• **TASK GOAL**
Only the lines from the one containing "Quadro-negro escolar com" through the end of the data are wanted, reproduced exactly and without pictures.
GIVEN DATA section start
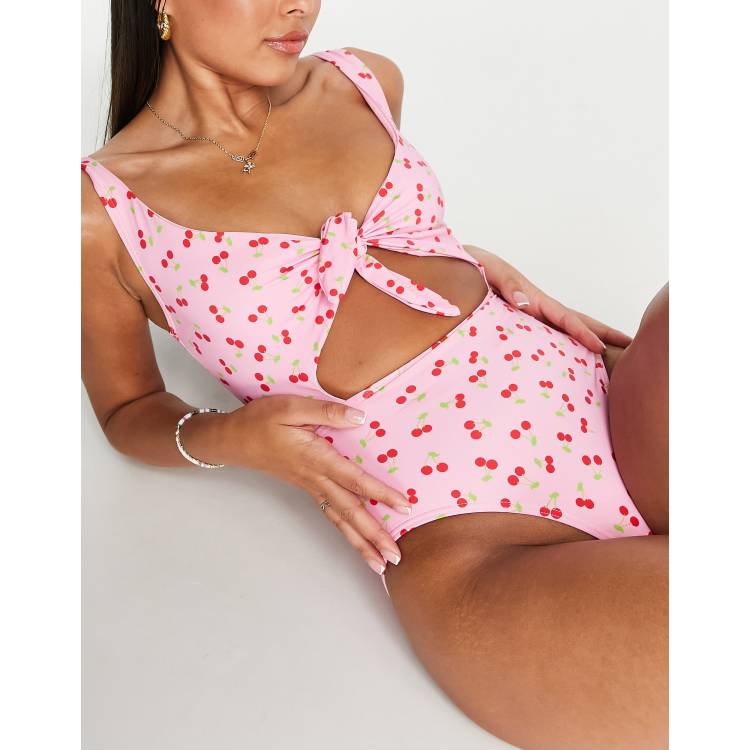 Pieces tie front cut out swimsuit in pink cherry print | ASOS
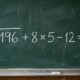 Quadro-negro escolar com a expressão √196 + 8 × 5 − 12 = ? escrita em giz branco, apresentando um desafio de cálculo mental com raiz quadrada. - Imagem ilustrativa criada por inteligência artificial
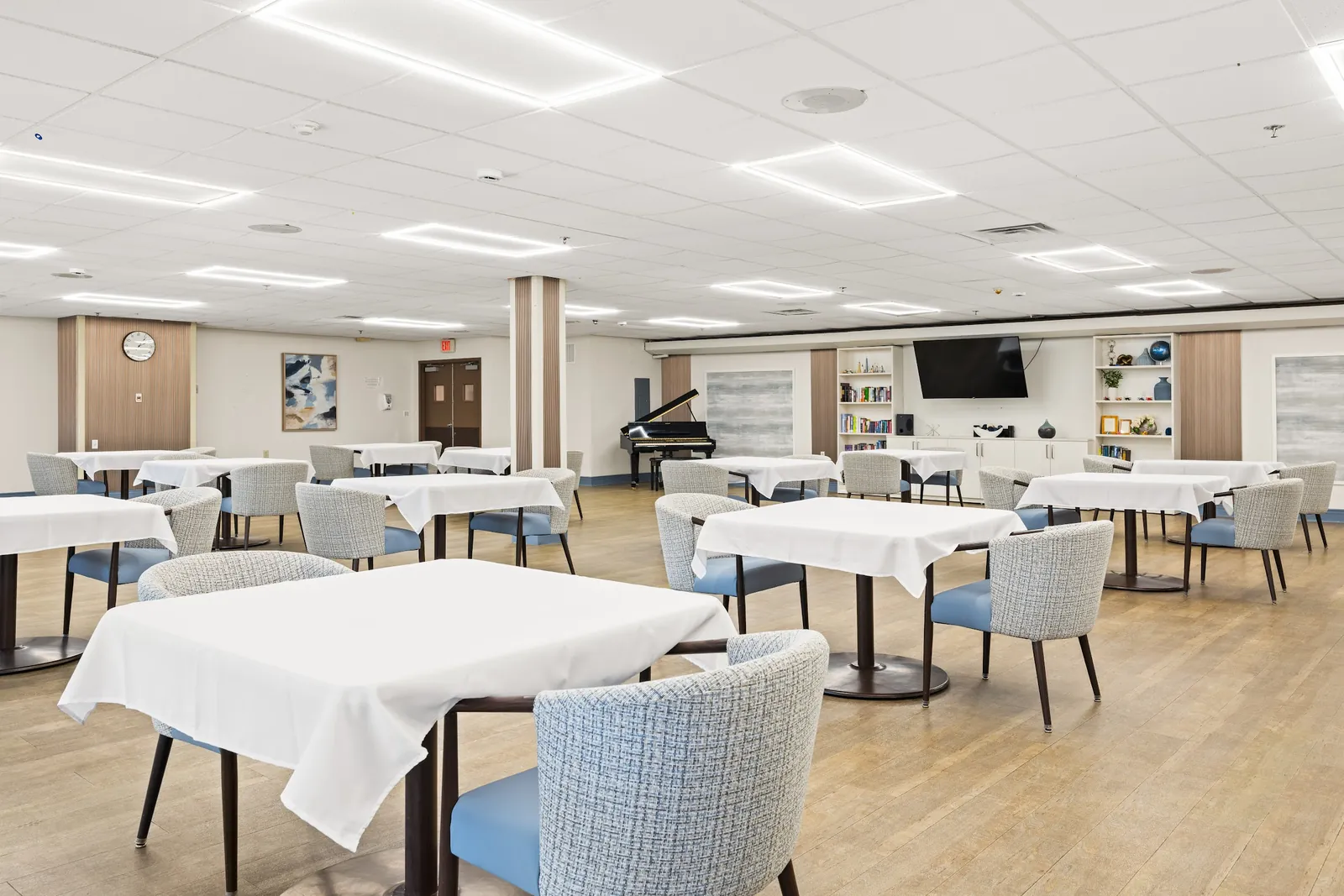 Dining room with white-clothed tables and a piano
GIVEN DATA section end
• **ANSWER BOX**
 Quadro-negro escolar com a expressão √196 + 8 × 5 − 12 = ? escrita em giz branco, apresentando um desafio de cálculo mental com raiz quadrada. - Imagem ilustrativa criada por inteligência artificial
 Dining room with white-clothed tables and a piano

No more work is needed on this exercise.